American Civil Rights and Women’s Rights Activist Pauli Murray Teaches at Brandeis 1968-1973

Pauli Murray at Brandeis

Arriving at Brandeis in the fall of 1968, Pauli Murray introduced the first courses at the university in Legal Studies, African-American Studies, and Women’s Studies. Murray was given the Louis Stulberg Chair in Law and Politics in 1971, receiving tenure as Full Professor in American Studies. The courses she regularly taught included “American Legal Systems,”  “Law and Social Change,”  “Civil Rights and Black Power,” and “Women in American Society.”

Murray’s innovative women’s studies course drew upon materials from “anthropologists, sociologists, psychologists, historians, lawyers, theologians, writers in the field of fiction and criticism”; themes included women’s legal rights, employment, education, the professions, religion, politics, home and community.  Incorporating  a comparative and international focus, the course  examined “the relation of the women’s movement to the liberation of men.” All of this was quite novel and  impressive in 1968.

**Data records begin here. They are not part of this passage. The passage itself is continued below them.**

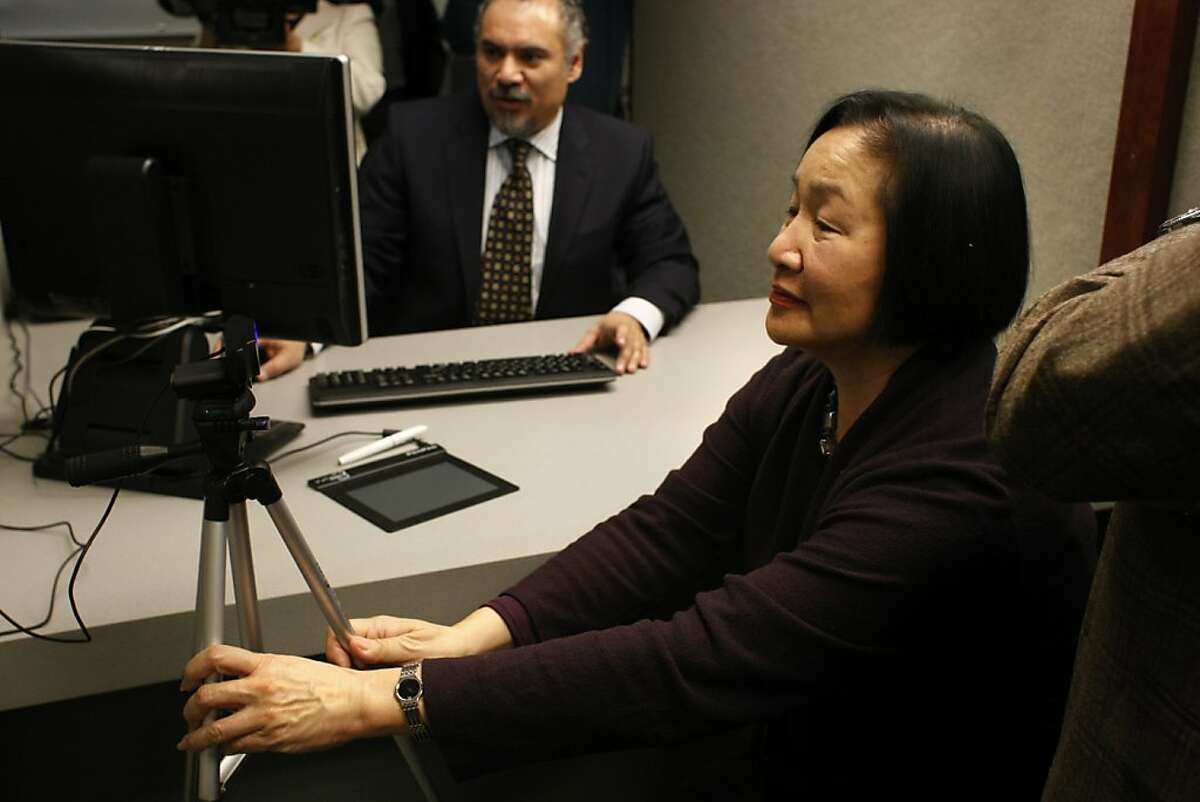 Oakland Mayor Jean Quan adjusts the camera to take her photo for the Oakland municipal identification card on Friday, Feb.1. The municipal identification doubles as a debit card and is aimed at undocumented immigrants as well as people who wish to not have their gender on the card.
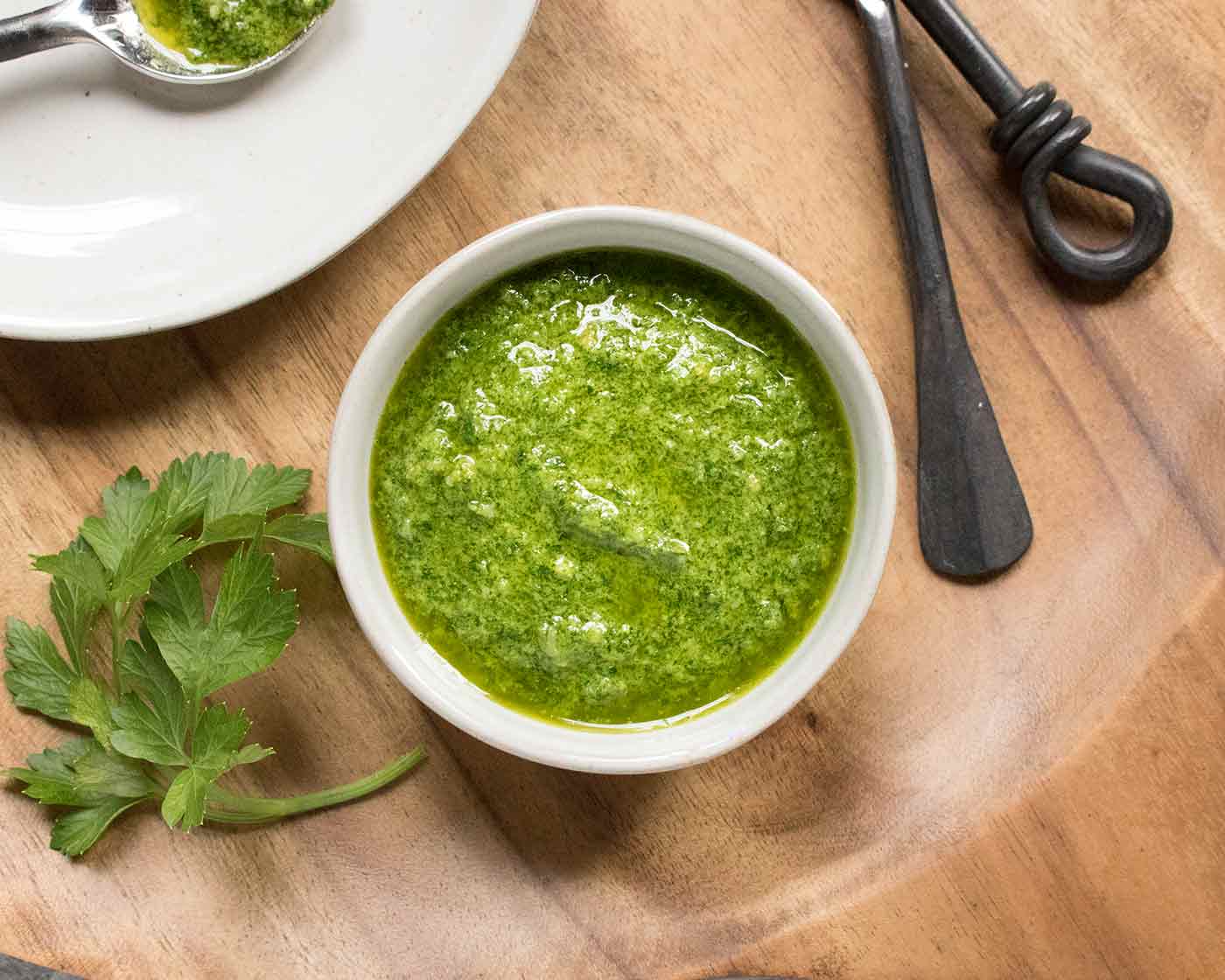 Homemade parsley pesto in a small bowl on a serving board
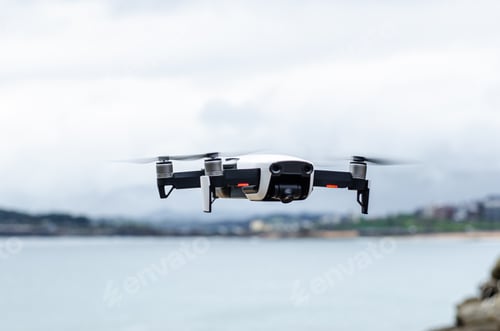 Preview: Modern drone flying over rocky seacoast
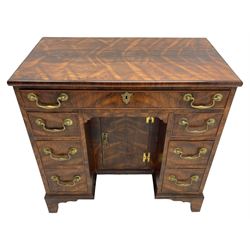 George III design rosewood kneehole desk, rectangular top with moulded edge, fitted with single frieze drawer and six graduating mahogany lined short drawers, each with cock-beaded facias, the central recessed cupboard enclosing single shelf, lower moulded edge over shaped bracket feet, stamped 'G Burton' to inner drawer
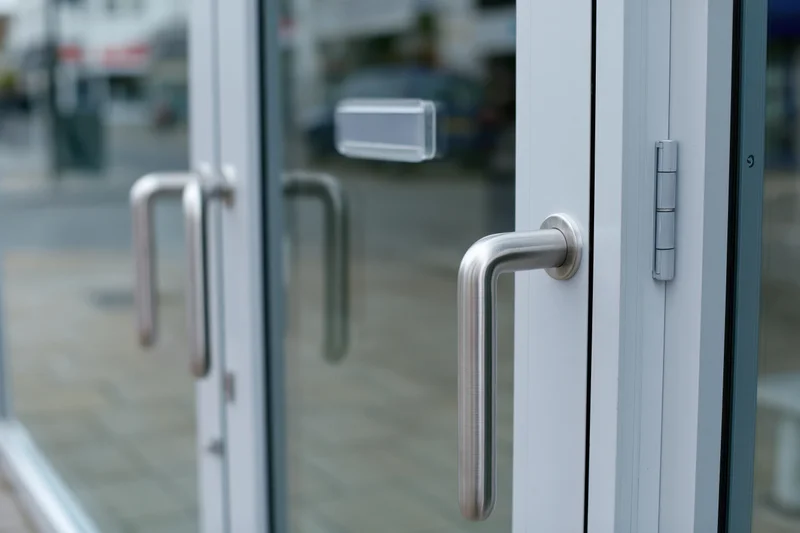 Close-up of a commercial glass door with brushed aluminum pull handle and metal frame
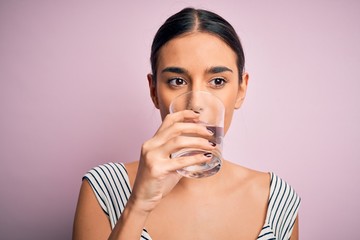 Young beautiful brunette woman drinking glass of healthy water to refreshment standing over isolated pink background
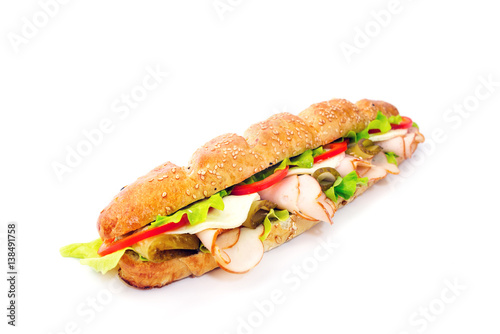 long sandwich with tomatoes and cheese on white background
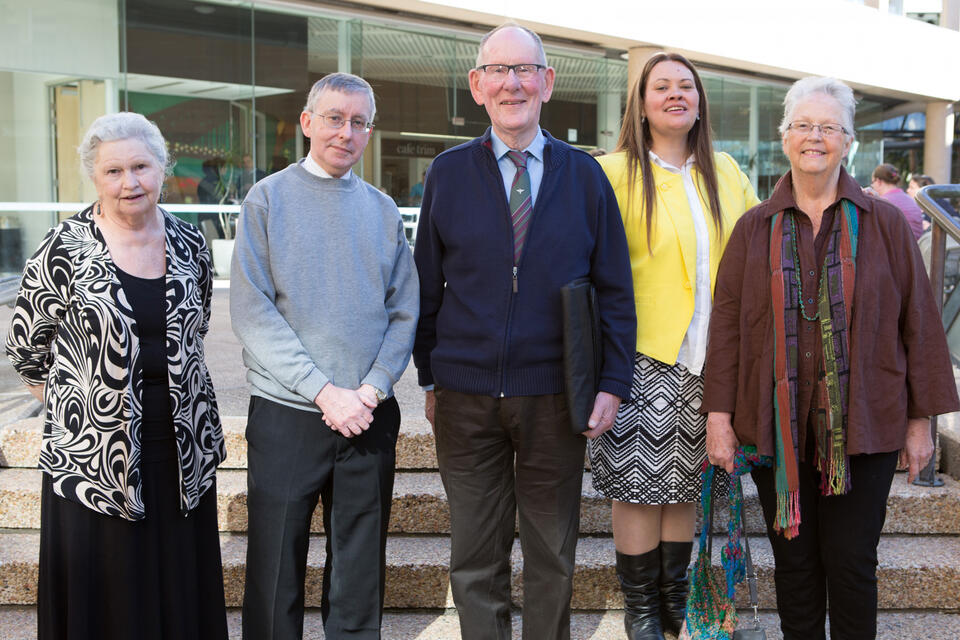 2 men and 3 women looking at the camera 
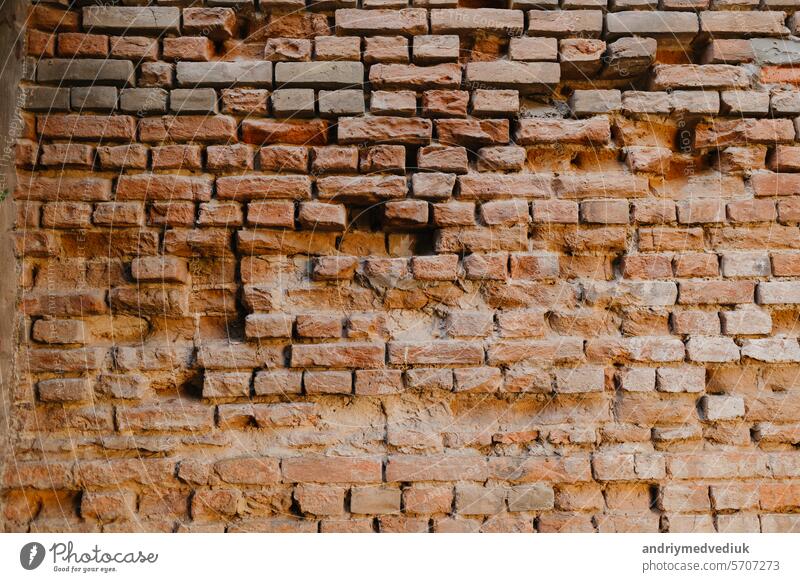 Old red brick wall. Brickwork from an old brick in a rustic style. Structure and pattern of the destroyed stone wall. Industrial exterior brick wall texture background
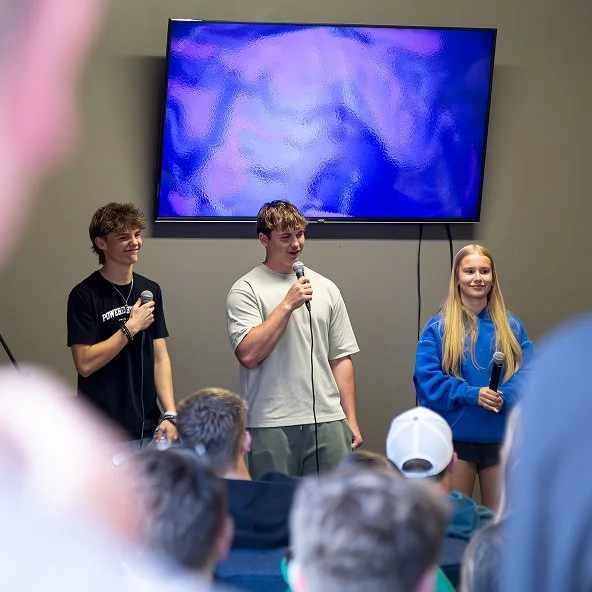 Three youth share testimony with microphones in front of a screen as peers listen.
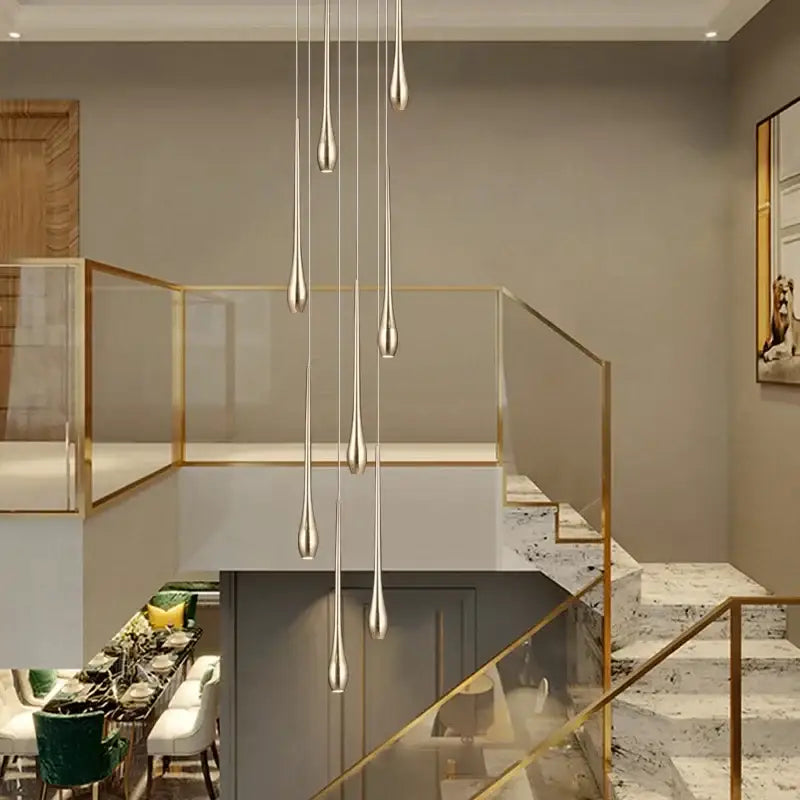 Modern chandeliers featuring elegant silver teardrop pendant lights complement decorbites gold-plated modern designs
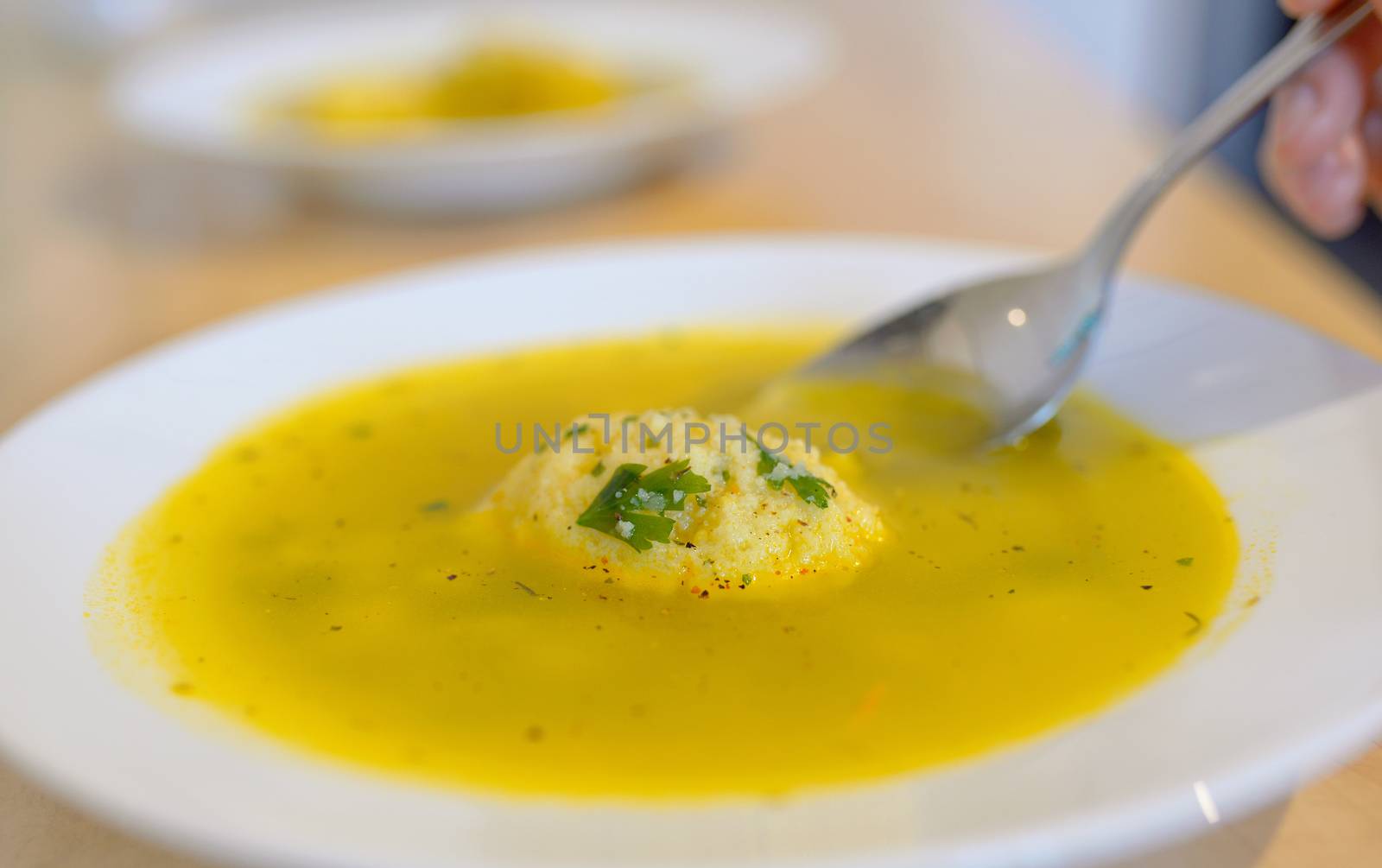 Soup with dumplings on table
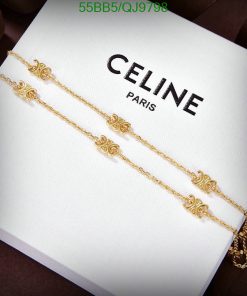 Gold bracelet with decorative elements on Celine Paris box.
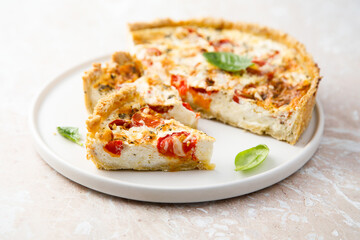 Homemade tomato quiche with basil
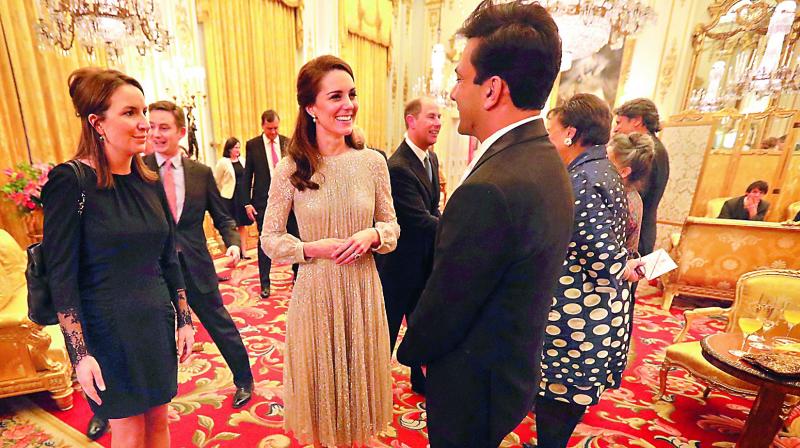 Britains Kate, the Duchess of Cambridge, talks to chef Vikas Khanna at Buckingham Palace (photo: AP)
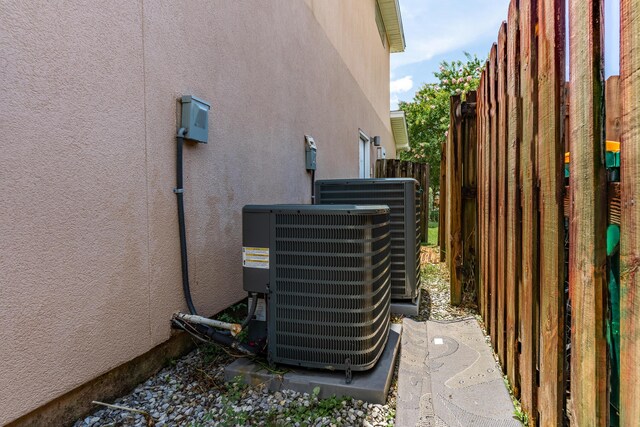1961 Chesapeake Rdg, Fort Walton Beach, FL 32547 - exterior view of a cooling unit and stucco siding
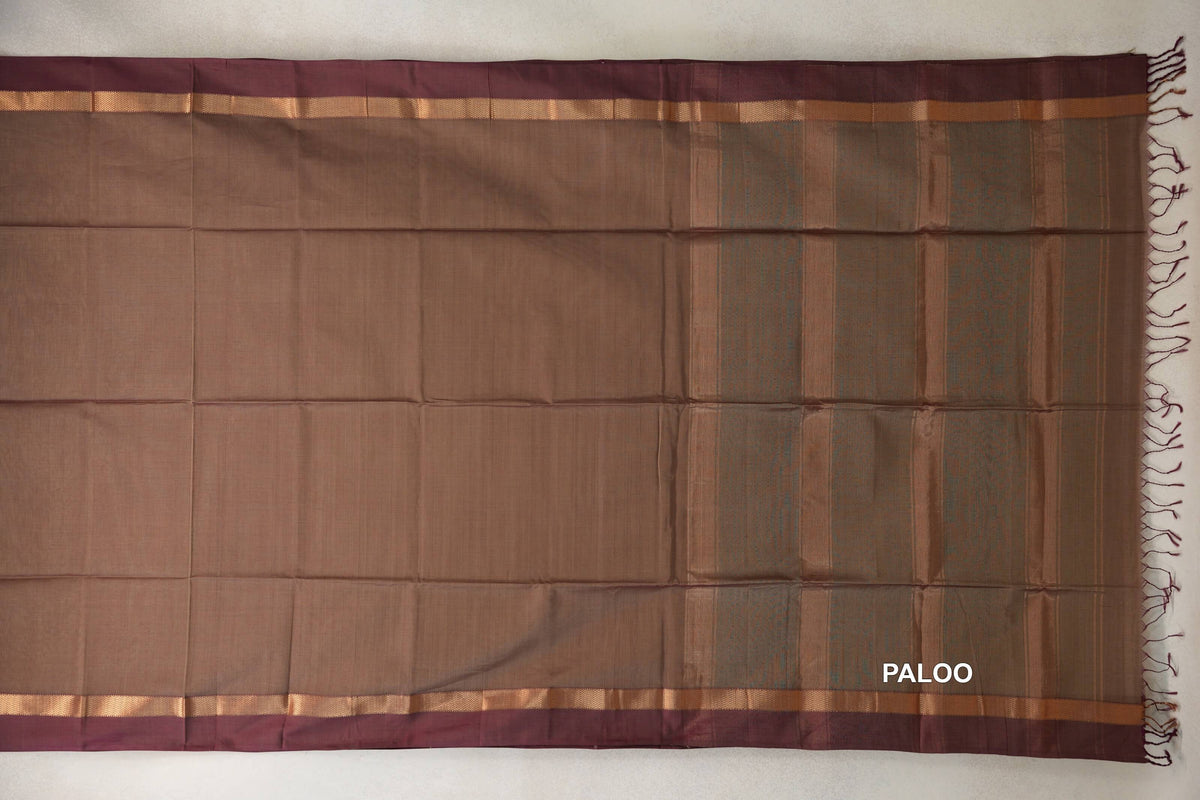Maheshwari silk cotton saree spread flat, showing a beige body, vertically striped pallu, magenta borders, gold-toned bands and tassels.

Murray was  the chief architect of the battle to improve women’s status at all levels on campus. Largely due to her persistence, the Dean appointed a Committee on the Status of Women. Murray and the small group of women colleagues who joined her in confronting problems of sexism at the university laid the seeds for Brandeis’ Women’s Studies Program and for the creation of an affirmative action office.

Murray  left Brandeis in 1973 to enter the Episcopal Seminary. In her memoirs, she described her five years at Brandeis as “the most exciting, tormenting, satisfying, embattled, frustrated, and at times triumphant period of my secular career.”